Pages

Thursday, February 9, 2012

Croque Madame

A few days ago Bev asked me to look up Croque Monsieur (Crispy Mister) on the internet and after reading the recipe, I told her it sounded very good – as I understand, it’s basically a ham and Swiss cheese sandwich that’s cooked under the broiler rather than in a skillet.  It also appears there are many variations with some leaving the bread just buttered, some adding additional cheese to the top, most assemble the sandwich at the beginning, and in looking around, a recipe from Ina Garten toasted the bread before assembly and added a cheesy Béchamel sauce to the top. 

I decided to go with the following version from About.com as it was fairly simple and didn’t include the additional calories of the Béchamel sauce.  Per them - "This traditional Croque Monsieur recipe is the closest version of the original sandwich served in Parisian cafes in the early 1900’s."

Ingredients for 2 sandwiches:
•1 tablespoons Dijon mustard
•4 slices sandwich bread
•2 ounces baked ham, thinly sliced
•1½ cups grated Gruyere cheese, divided
•2 tablespoons butter, softened

Preparation:
Preheat the broiler to the lowest heat setting. Evenly divide and spread the mustard on 2 slices of bread. Place a few slices of ham, followed by 1/2 cup Gruyere, on the mustard-side of the bread.
 
Cover the cheese with the remaining slices of bread and spread the butter on the outside surfaces of the sandwiches.
 
Place the sandwiches on an ungreased baking sheet and broil for about 5 minutes, turn them over, cover with the remaining cheese, and continue cooking until they are crispy and golden brown, about 5 additional minutes.
 
At this point the Croque Monsieur is completed but I wanted a Croque Madame, which is achieved by adding a tablespoon of Béchamel sauce and a fried egg to the top, but I omitted the sauce and just added the egg.

Mine weren't as pretty as some of the pictures I saw, but they were delicious and next time when we have a lighter meal planned for supper, I’ll try Ina’s recipe.

All photos can be enlarged by clicking on them.

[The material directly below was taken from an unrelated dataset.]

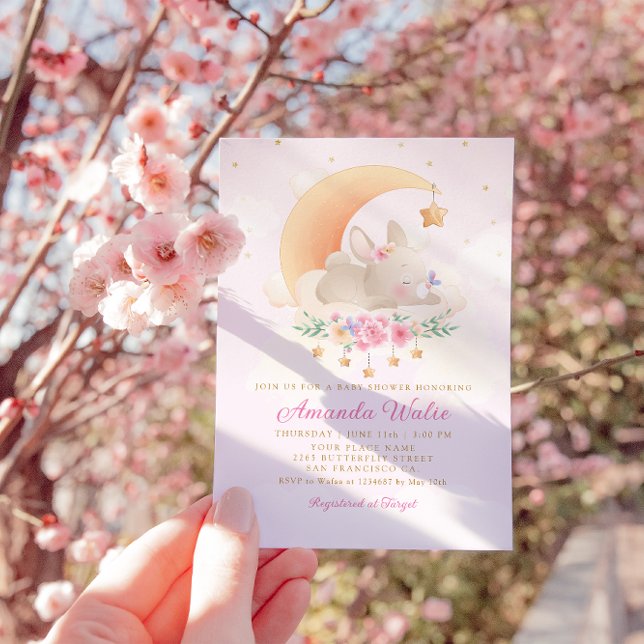 Modern Boho Watercolor Bunny Baby Shower Invitation (Creator Uploaded)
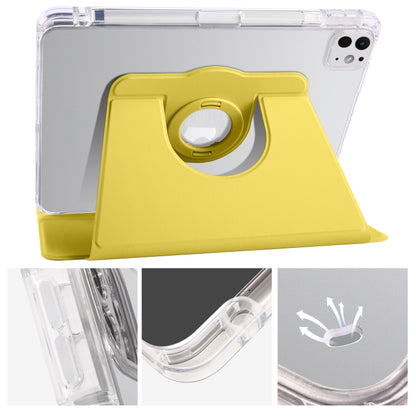 For iPad Pro 11 2025 / 2024 Clear Acrylic 360 Rotation Detachable Leather Tablet Case(Yellow) by bashfashion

Have a great day and thanks for stopping by Almost Heaven South.



Larry

1/31/2012 meal date

 

17 comments:

  1. You've gone French on us Larry. Ooh, la, la. I love these, but they are so filling I can't eat anything else the rest of the day.
    Sam

    ReplyDelete
  2. That looks so good, Larry! Although the bechamel sauce is so good, with that runny yolk, you really don't need it!!

    ReplyDelete
  3. You just can't go wrong with melty cheese. Ever. This sounds delicious!

    ReplyDelete
  4. Congrats on the Croque! I'm impressed. Just sent you an email with more envy.

    ReplyDelete
  5. I love your version Larry...I think this sandwich would fill me for a whole day. Love that egg on top!

    ReplyDelete
  6. Larry, Of course you'd add an egg on top! It wouldn't be you if you didn't... Of course, I'd have added the sauce and perhaps a bit of Tabasco, but this is my kind of 'sandwich'! Take Care, Big Daddy Dave

    ReplyDelete
  7. Wow - it looks really wonderful, especially with the egg on top!!!

    ReplyDelete
  8. This looks wonderful, Larry. I'm sorry to be so late in getting back to you. You asked which curry would be better. The second recipe is more authentic and it really is otherworldly good. I hope you will give one of the recipes a try. Have a great day. Blessings...Mary

    ReplyDelete
  9. I'm always looking for new lunch ideas... I will definitely try this. Glad to have found your blog!

    ReplyDelete
  10. I enjoy sandwiches cooked under the broiler. I just used last night's bread for turkey and cheese sandwiches under the broiler, so I think your wife is on to something!

    ReplyDelete
  11. now thats a darn mouth watering great sandwich! awesome and enticing photo!

    ReplyDelete
  12. Why aren't I surprised that you put an egg on that sandwich? Love it! I actually jam as well on this French style sandwich...I must be thinking of a Monte Cristo.

    Nevertheless, this is divine.

    Velva

    ReplyDelete
  13. oh my gosh, you absolutely kill me with the perfectly cooked eggs on tops of so many of your meals. I would eat at your table any day!

    ReplyDelete
  14. Fab version of a Croque Monsieur! Looks wonderful, especially topped with the egg and that Bechamel sauce sounds divine!

    ReplyDelete
  15. I've been married 20 years and I've never used the broiler in my oven! lol The stove I have now has a warming drawer and I've never used it either. I store my stoneware there. The sandwich looks really good!

    ReplyDelete
  16. I sorta knew that you would add an egg to that recipe... ha ha .....

    Looks delicious..
    Betsy

    ReplyDelete
  17. I'm just like you, if you so so far to make a Croque Monsieur, why not go the extra step and add the Egg and sauce.